Task brief:
Pictures stay out of the copy. Transcribe exactly, and only, the line with "Property building in" through the last line of the entries below.

Captioned web image data:
------------------------

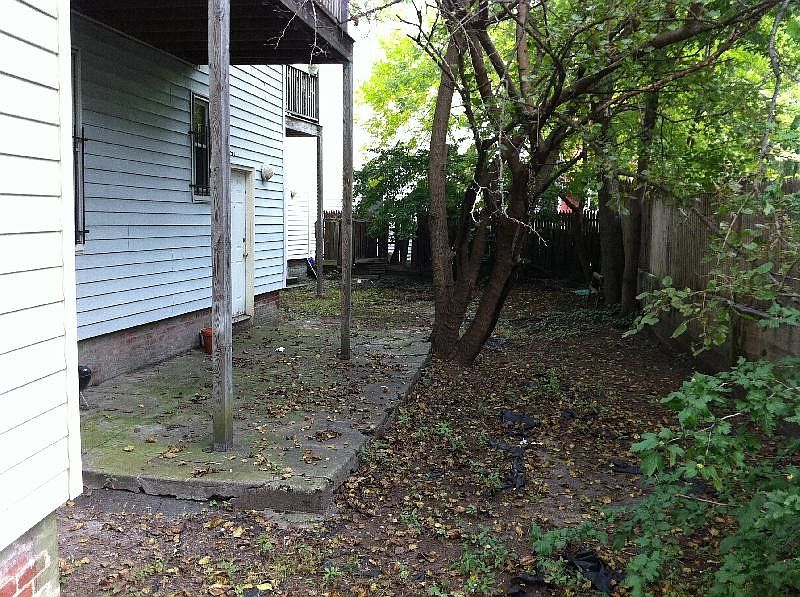 Building Photo 4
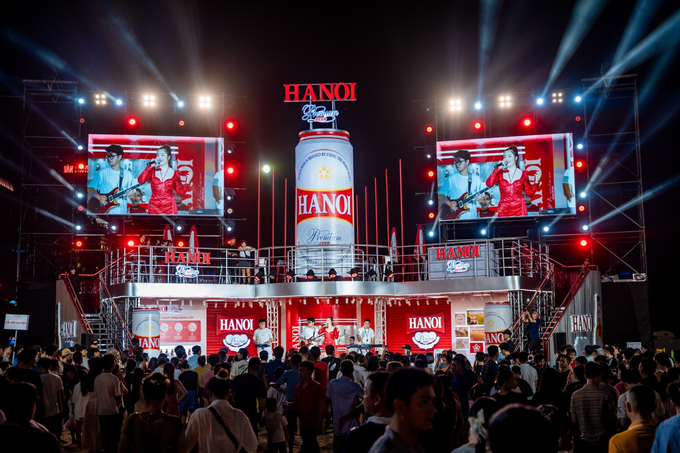 Đêm nhạc của Hanoi Premium Bar 2024.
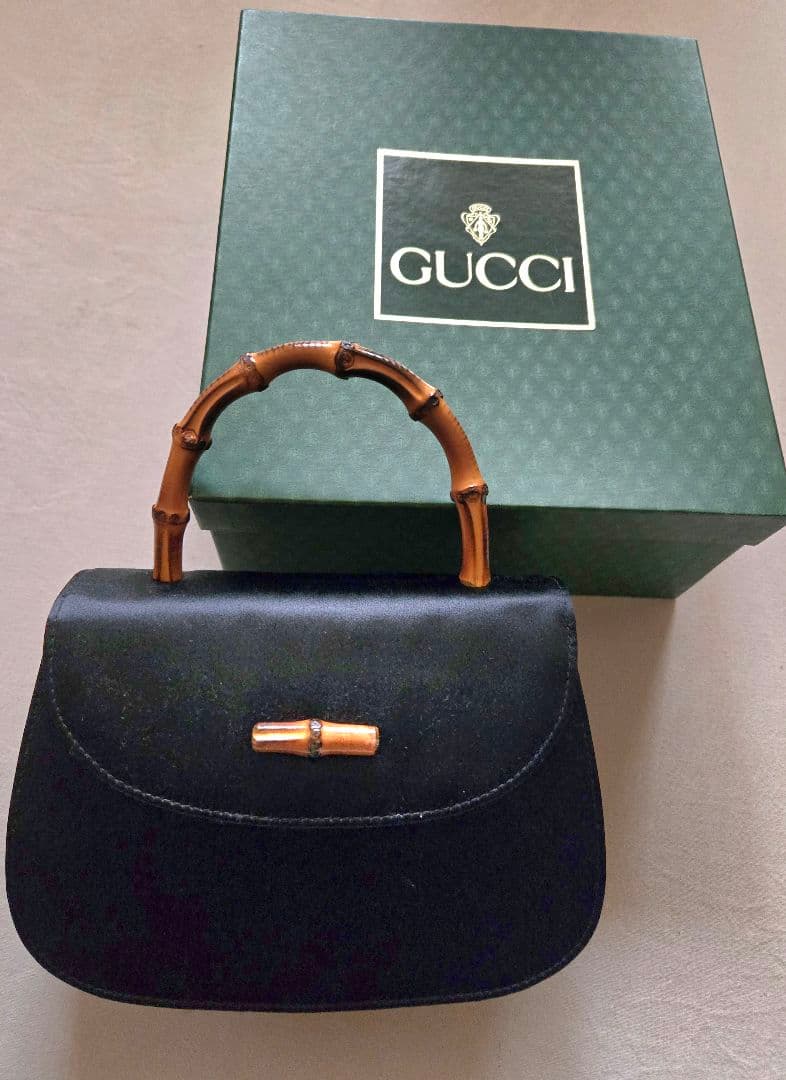 SALE❗稀少ヴィンテージGUCCI ブラックサテンミニバンブーバッグ
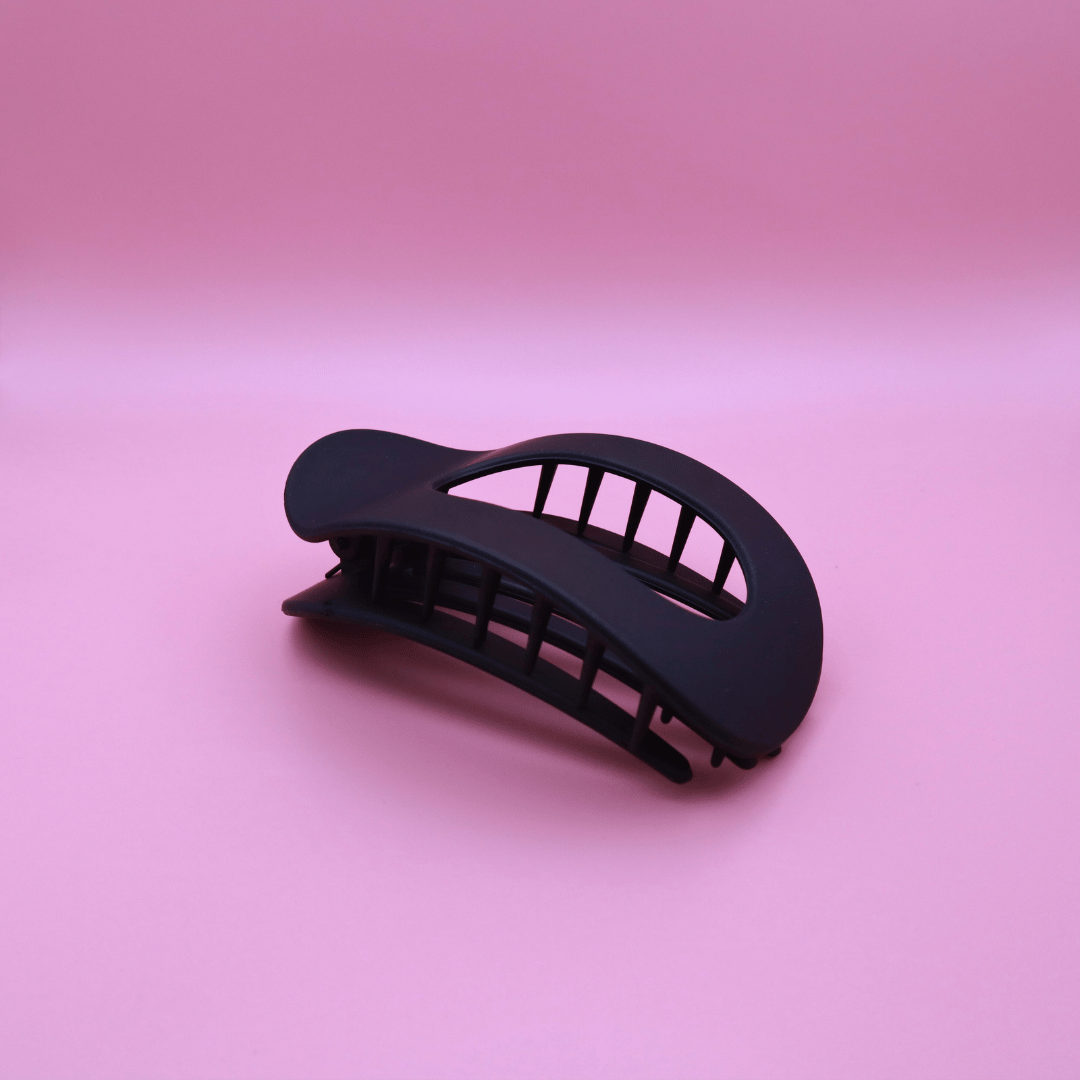 Black matte haarklammer clip with ergonomic design on pink background, part of Classic Calm Haarklammer-Set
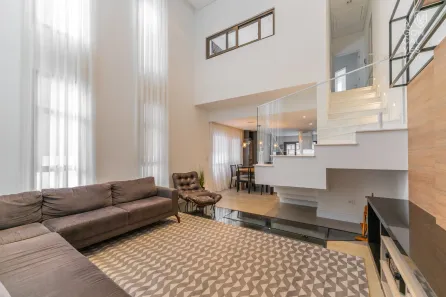 Casa de Condomínio com 3 Quartos para alugar, 197m² no Campo Comprido, Curitiba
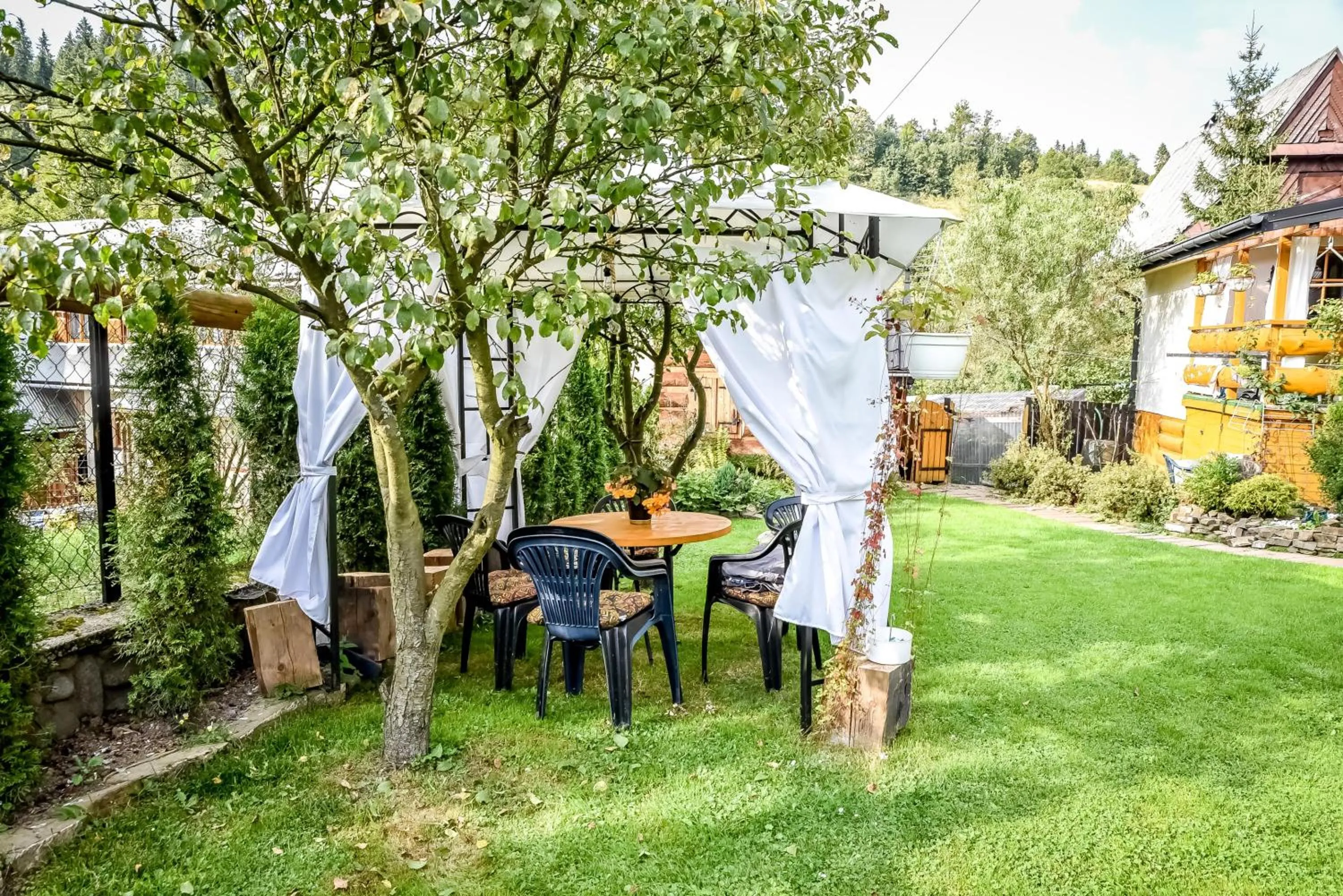 Property building in Ciukrowa Chatka Sauna & Jacuzzi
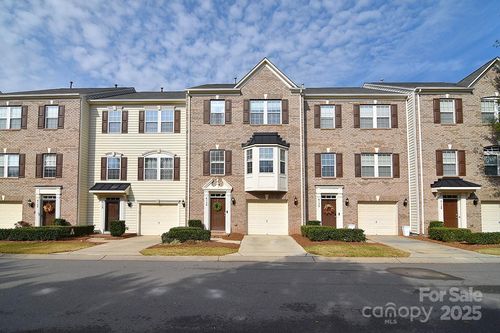 6134 Rockefeller Ln, Charlotte, NC, 28210-4493 | Card Image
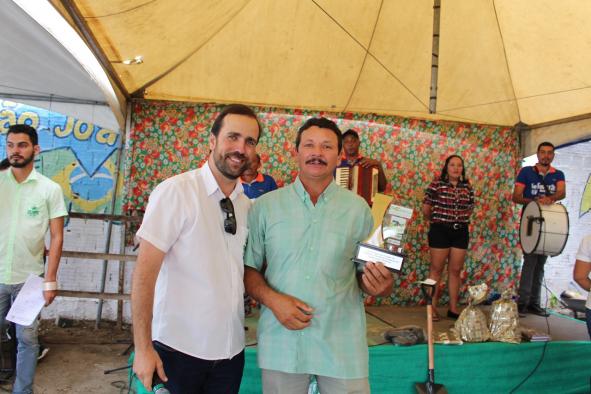 Dia do Agricultor consolida sucesso e reúne mais de 500 pessoas em Queimadas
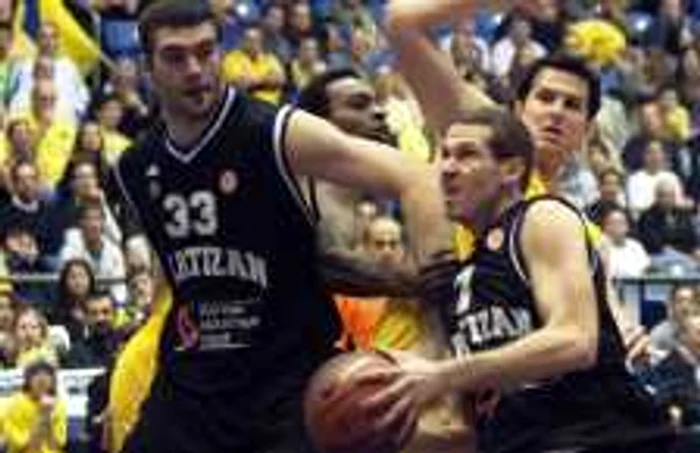 Dusan Kecman, la minge, a marcat 29 de puncte pentru Partizan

------------------------

Result of the task:
 Property building in Ciukrowa Chatka Sauna & Jacuzzi
 6134 Rockefeller Ln, Charlotte, NC, 28210-4493 | Card Image
 Dia do Agricultor consolida sucesso e reúne mais de 500 pessoas em Queimadas
 Dusan Kecman, la minge, a marcat 29 de puncte pentru Partizan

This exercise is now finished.